* _The data_
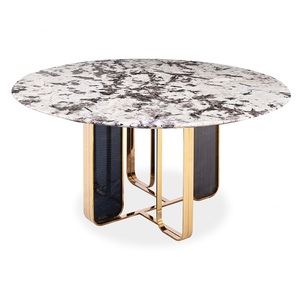 Mobilier moderne pour la maison <span class=keywords><strong>Table</strong></span> de salle à manger ronde pivotante en acier inoxydable avec <span class=keywords><strong>plateau</strong></span> en marbre - Product Image 2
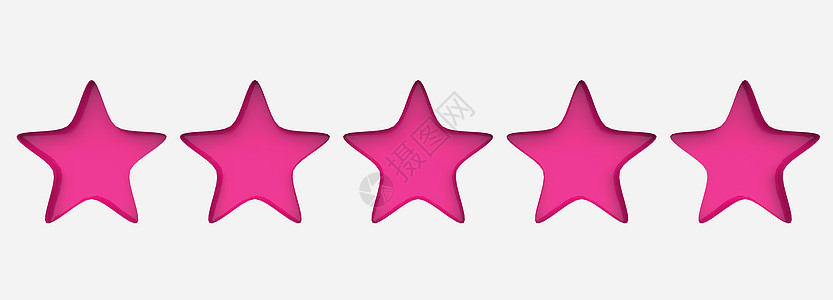 3d 五颗粉红星星 彩色背景 金星的出品和插图供溢价审查商业贵宾粉色艺术礼物质量优胜者庆典评分奢华图片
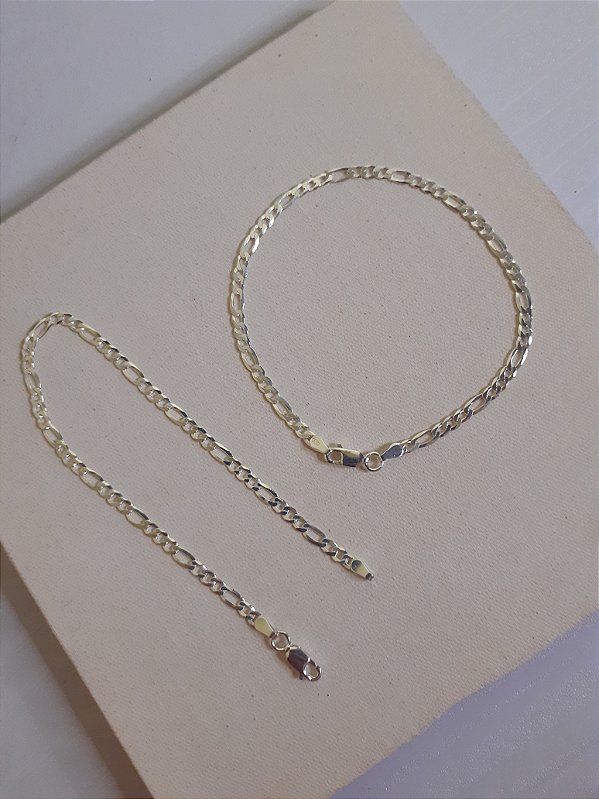 Pulseira elo 3×1 / 3mm em Prata 925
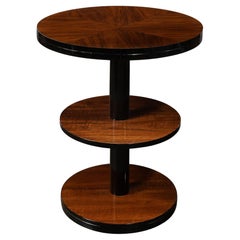 Art Deco Machine Age 3-Tier Round Side Table in Book-Matched Walnut & Lacquer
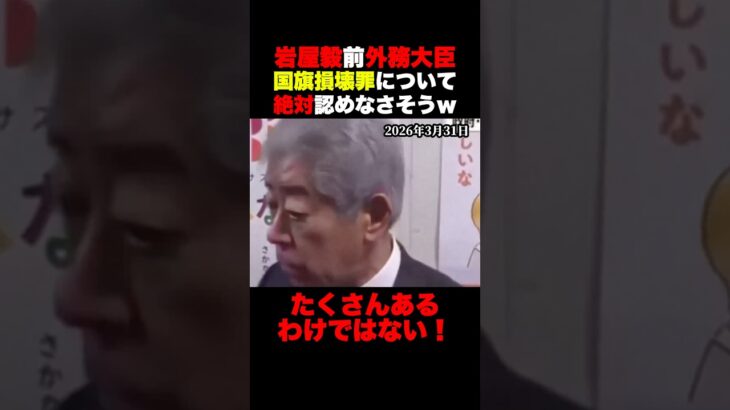 【高市早苗】岩屋毅前外務大臣にとって国旗はどうでもいい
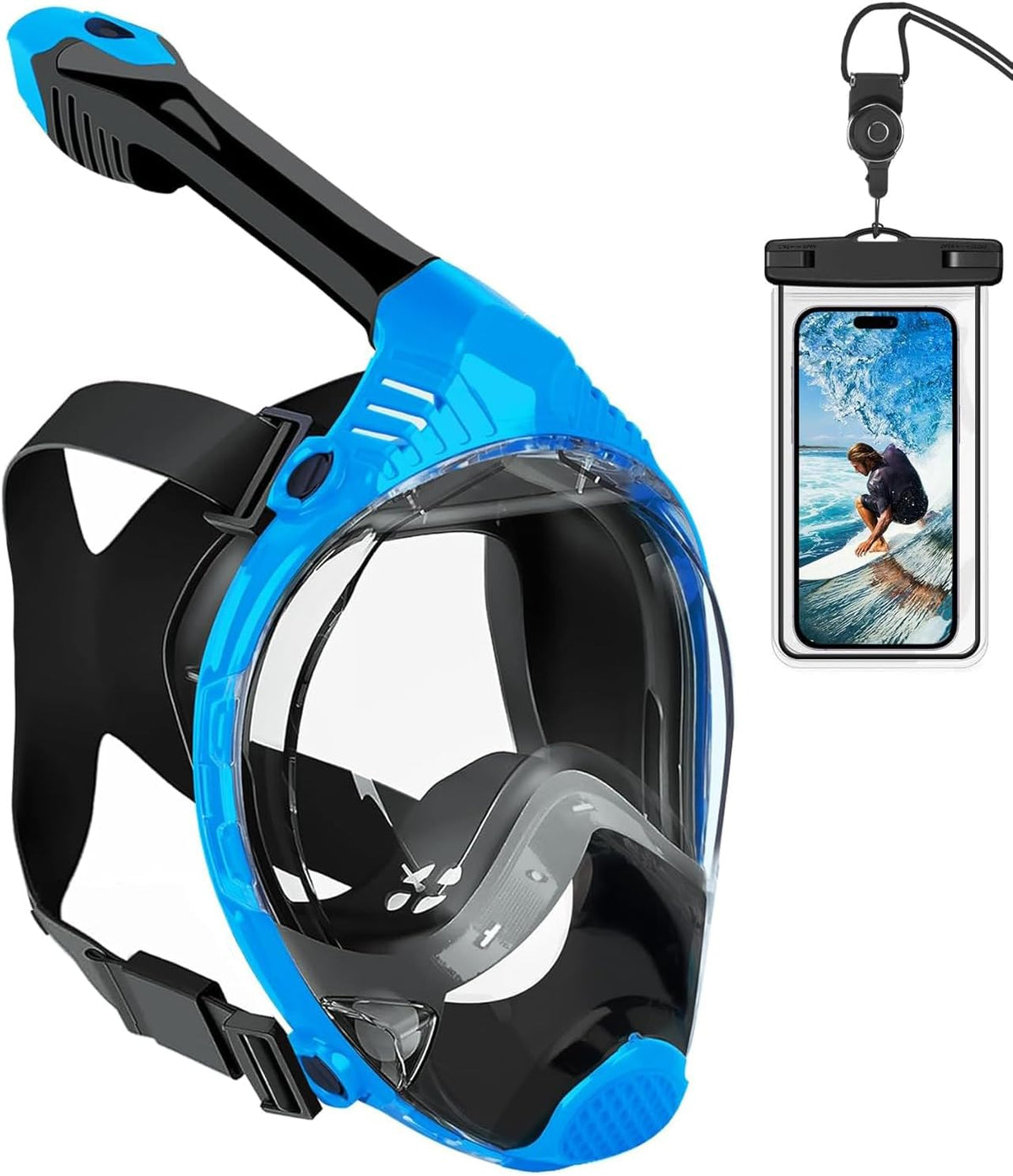 VGKE Full Face Snorkel Mask for Adults, 180 Degree HD Panoramic View Snorkeling Gear with Waterproof Phone Pouch, Anti-Leak & Anti-Fog, Breathe Freely Suitable for Men/Women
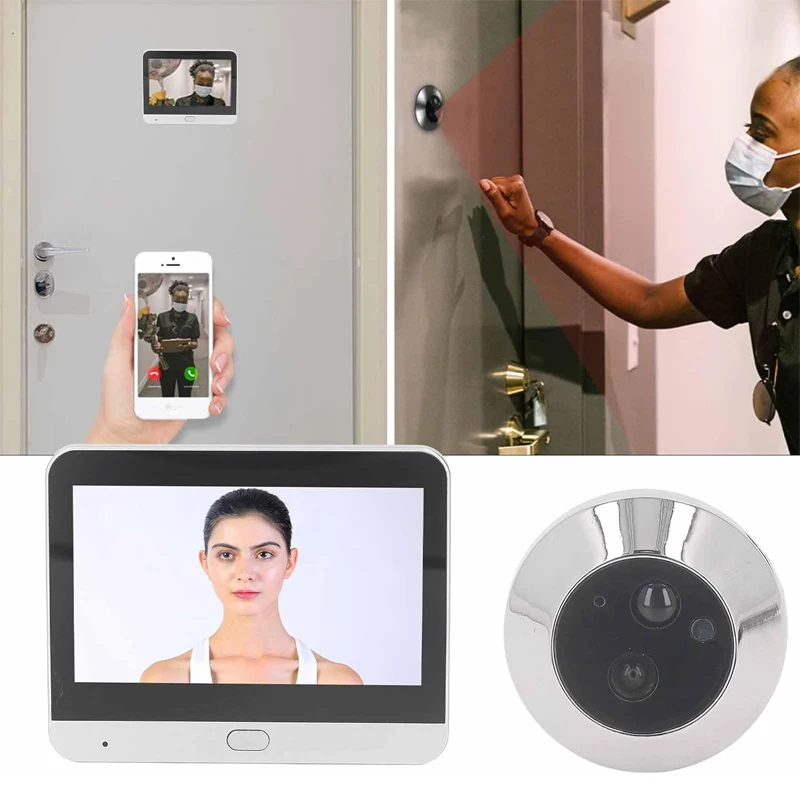 

1080P Wifi Wireless Video Doorbell Camera Tuya Smart Home Visual Peephole Door Bell Intercom PIR Movement Detection for Home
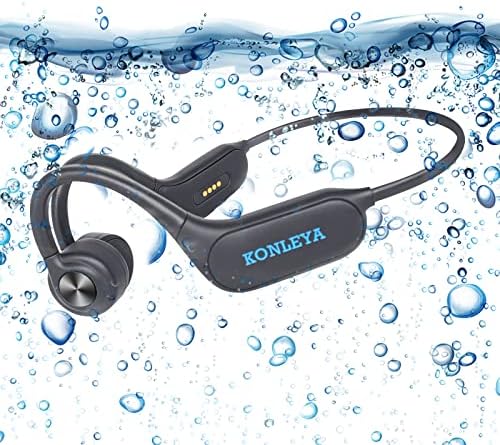 KONLEYA Bone Conduction Headphones – Advanced IPX8 Waterproof Bluetooth 5.3 Earbuds with 32 GB Built-in Memory, Open-Ear Design for Enhanced Awareness, Ideal for Swimming & Running, Sweat-Resistant Durability, Integrated Mic & Night Safety Light for Active Lifestyles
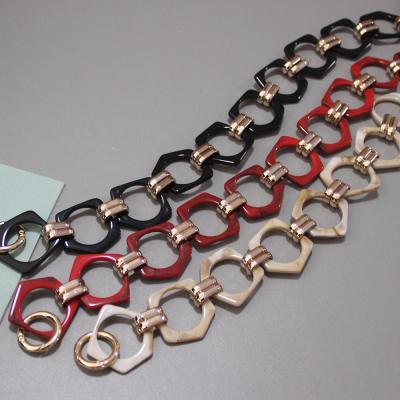 China High Grade Handmade Rough Acrylic Rubber Vintage Alloy Bag Chain for sale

* _What is needed_
Copy the material above word for word, images excluded.

* _Response below_
 Mobilier moderne pour la maison <span class=keywords><strong>Table</strong></span> de salle à manger ronde pivotante en acier inoxydable avec <span class=keywords><strong>plateau</strong></span> en marbre - Product Image 2
 3d 五颗粉红星星 彩色背景 金星的出品和插图供溢价审查商业贵宾粉色艺术礼物质量优胜者庆典评分奢华图片
 Pulseira elo 3×1 / 3mm em Prata 925
 Art Deco Machine Age 3-Tier Round Side Table in Book-Matched Walnut & Lacquer
 【高市早苗】岩屋毅前外務大臣にとって国旗はどうでもいい
 VGKE Full Face Snorkel Mask for Adults, 180 Degree HD Panoramic View Snorkeling Gear with Waterproof Phone Pouch, Anti-Leak & Anti-Fog, Breathe Freely Suitable for Men/Women

1080P Wifi Wireless Video Doorbell Camera Tuya Smart Home Visual Peephole Door Bell Intercom PIR Movement Detection for Home
 KONLEYA Bone Conduction Headphones – Advanced IPX8 Waterproof Bluetooth 5.3 Earbuds with 32 GB Built-in Memory, Open-Ear Design for Enhanced Awareness, Ideal for Swimming & Running, Sweat-Resistant Durability, Integrated Mic & Night Safety Light for Active Lifestyles
 China High Grade Handmade Rough Acrylic Rubber Vintage Alloy Bag Chain for sale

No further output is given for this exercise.